Hi, all! My name is Heather, and I'm the mother of four gorgeous girls, ages 10, 8, 6 and almost 4. I'm married to my first husband, Clark, who has been a tremendous rock through this unthinkable trauma, in spite of his own ongoing grief and sorrow. He, too, has had to deal with the loss of hope for the future.
I was diagnosed in May of 2008 with stage IV breast cancer, mets to the bones. It was ER+/PR+, Her-2 +. I began a regimen of carboplatin, taxotere, herceptin and zometa, once weekly for three weeks, off one week, for about five months. I responded very well to treatment, and have been NED since my third PET/CT in October of 2008. I had a double mastectomy and oopherectomy in November 2008, opted against breast reconstruction, then did a full treatment of radiation therapy.
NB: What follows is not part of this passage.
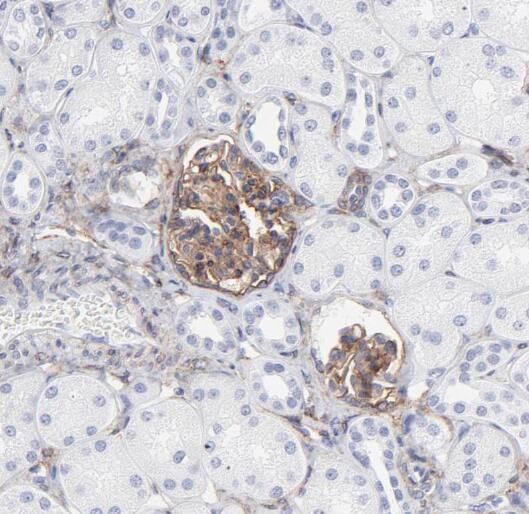 OVCA2 Antibody - BSA Free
In March of 2009, I was done with the "huge" treatments and continued the maintence of the AI, Femara, that I had started in January of 2009.
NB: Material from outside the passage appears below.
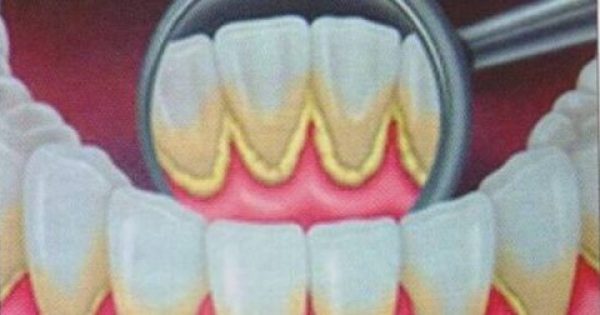 Απομακρύνετε την οδοντική πλάκα με φυσικό τρόπο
I am now approaching my 2nd anniversary of diagnosis, and just had a PET/CT on February 23rd, which confirmed my continued NED status.
I publish and edit a literary magazine for mothers that I cofounded in 2006 called get born: the uncensored voice of motherhood. I started the magazine because I struggled so much with loneliness, disillusionment and guilt as a mother that I didn't ever want another woman to go through similar circumstances alone.
I live in the gorgeous state of Colorado, in the United States, but traveled a lot as a young girl; my parents were conservative missionaries in Ecuador, South America when I was in high school, and I treasure that experience and the expansion of my world view with which it provided me.
I look forward to sharing on this forum; may our collaboration be a beacon of hope for too many of us who are learning to live in the tenuous space between life and death. Shalom.